#### SOURCE INFORMATION ####
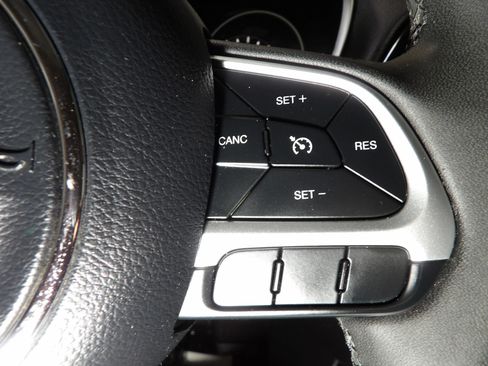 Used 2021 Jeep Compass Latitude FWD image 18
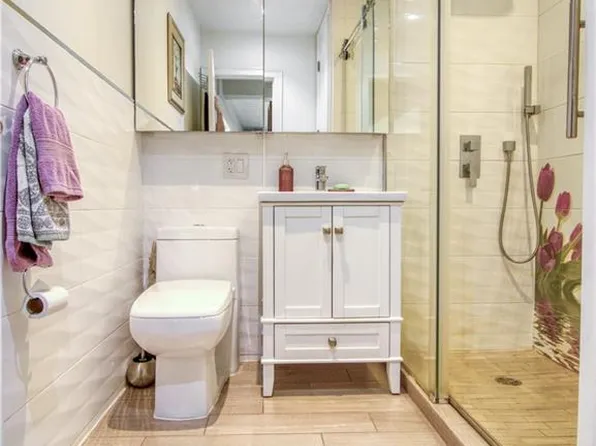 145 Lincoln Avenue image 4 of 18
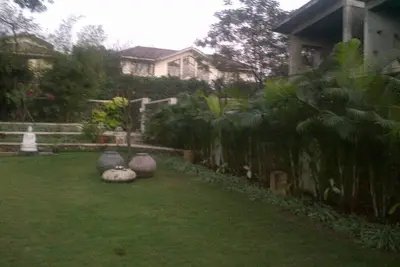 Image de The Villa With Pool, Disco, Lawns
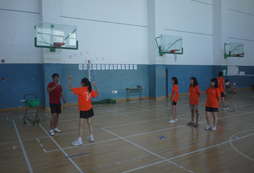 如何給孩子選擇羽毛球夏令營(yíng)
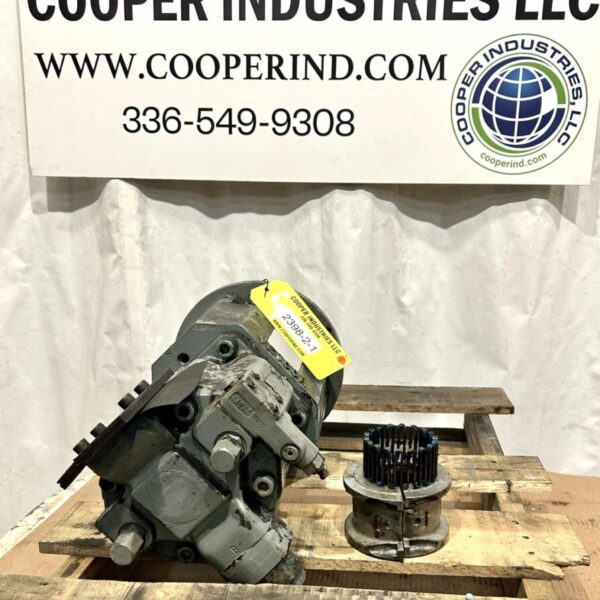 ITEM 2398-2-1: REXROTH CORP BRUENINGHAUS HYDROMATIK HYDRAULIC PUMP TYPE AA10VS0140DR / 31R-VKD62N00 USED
####
#### SOURCE INFORMATION ####
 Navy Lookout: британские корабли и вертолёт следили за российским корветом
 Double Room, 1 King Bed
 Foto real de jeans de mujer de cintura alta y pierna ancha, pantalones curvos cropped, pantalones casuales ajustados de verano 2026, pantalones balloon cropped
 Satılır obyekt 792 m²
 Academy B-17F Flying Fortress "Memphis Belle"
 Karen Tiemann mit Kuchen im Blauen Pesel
####
#### SOURCE INFORMATION ####
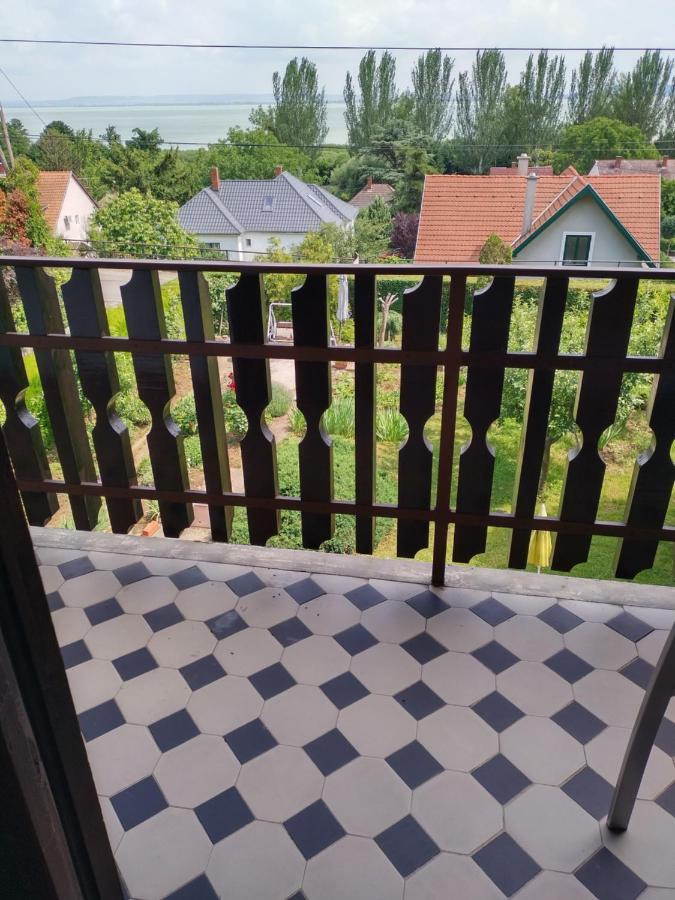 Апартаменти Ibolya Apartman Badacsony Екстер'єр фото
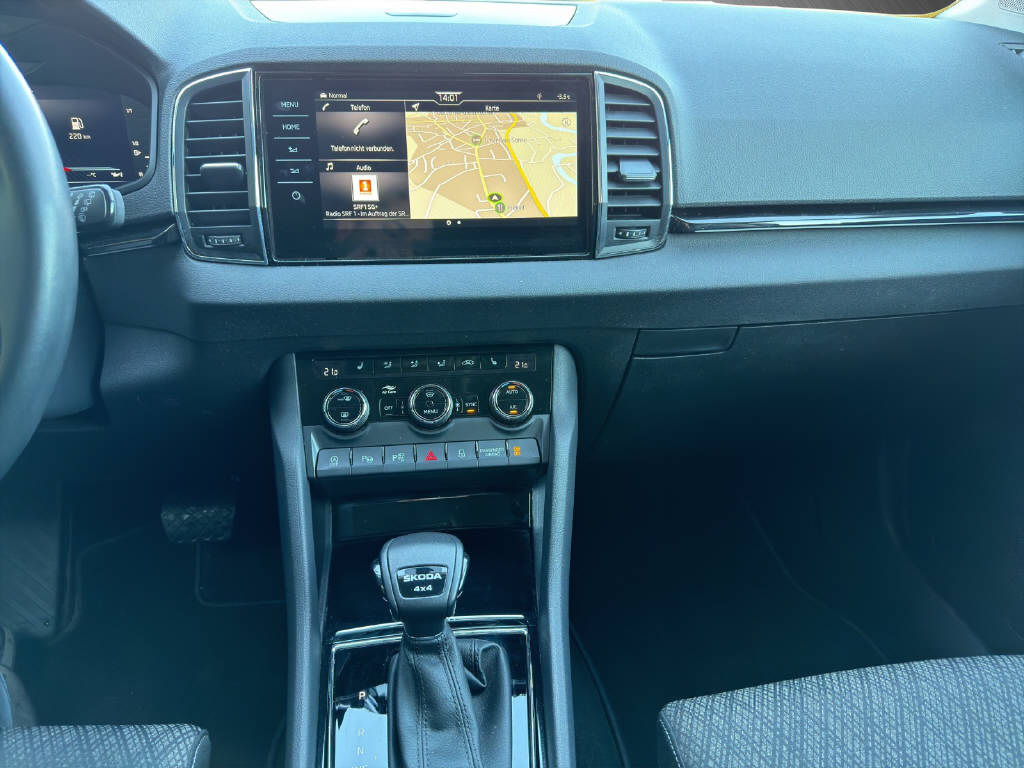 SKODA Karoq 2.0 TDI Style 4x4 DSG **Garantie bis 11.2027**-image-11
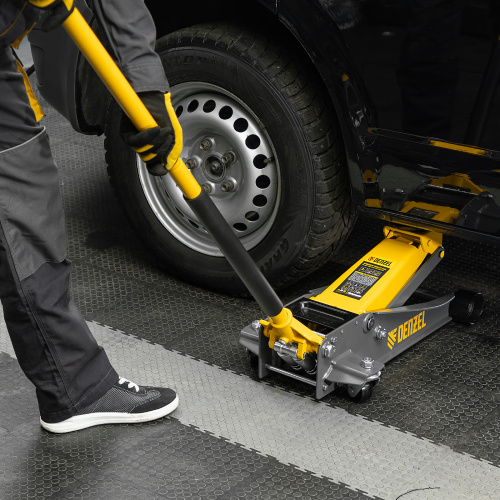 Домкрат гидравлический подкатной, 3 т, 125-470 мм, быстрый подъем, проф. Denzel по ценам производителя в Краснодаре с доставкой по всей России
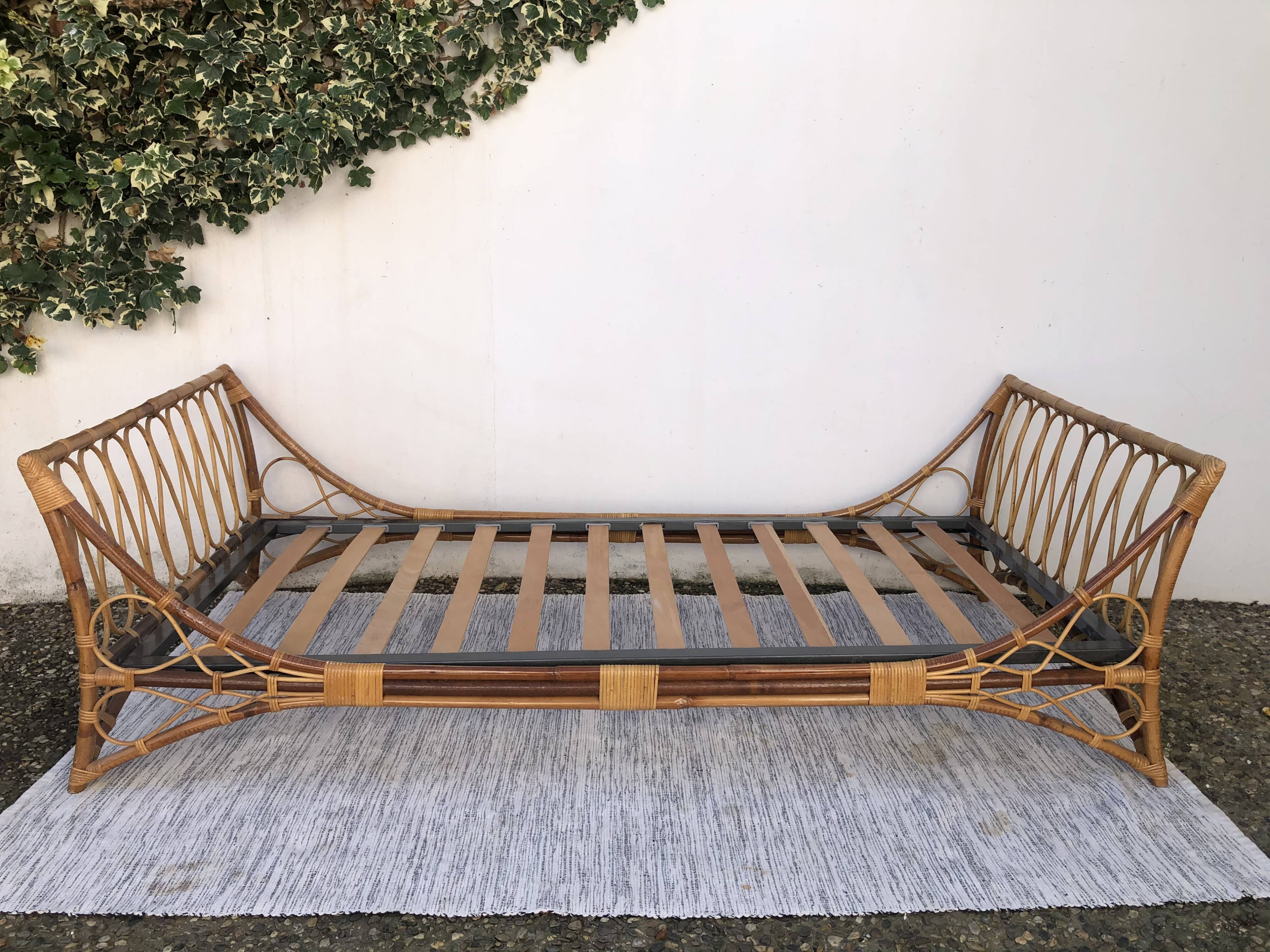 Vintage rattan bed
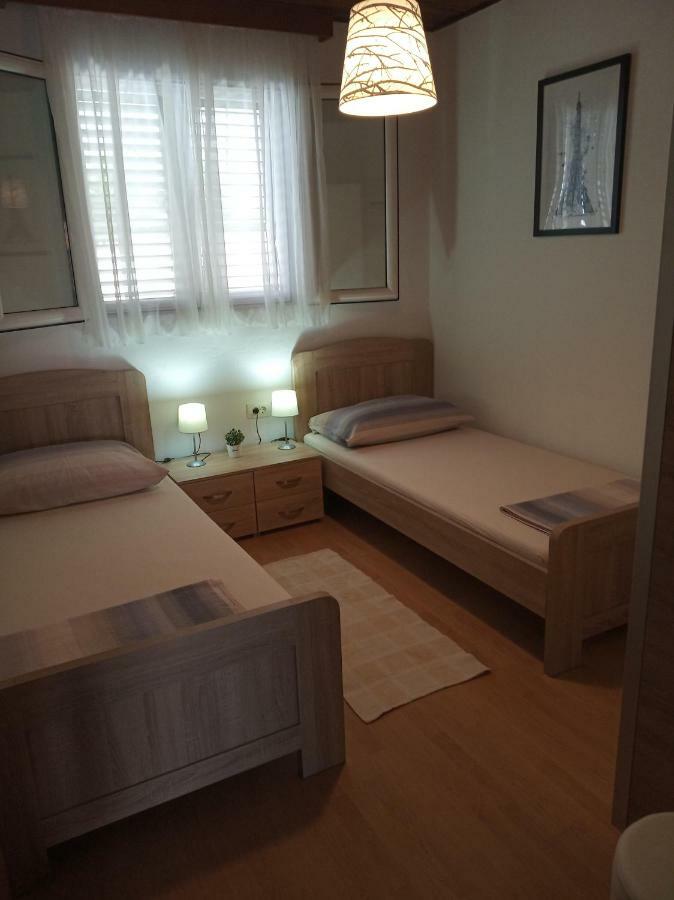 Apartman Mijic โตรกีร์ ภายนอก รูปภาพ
####
| WORK TO BE COMPLETED |
Could you restate, word for word, the lines above from the one with "Foto real de" to the one with "Karen Tiemann mit Kuchen im Blauen Pesel", both included?

| RESPONSE TO THIS EXERCISE |
 Foto real de jeans de mujer de cintura alta y pierna ancha, pantalones curvos cropped, pantalones casuales ajustados de verano 2026, pantalones balloon cropped
 Satılır obyekt 792 m²
 Academy B-17F Flying Fortress "Memphis Belle"
 Karen Tiemann mit Kuchen im Blauen Pesel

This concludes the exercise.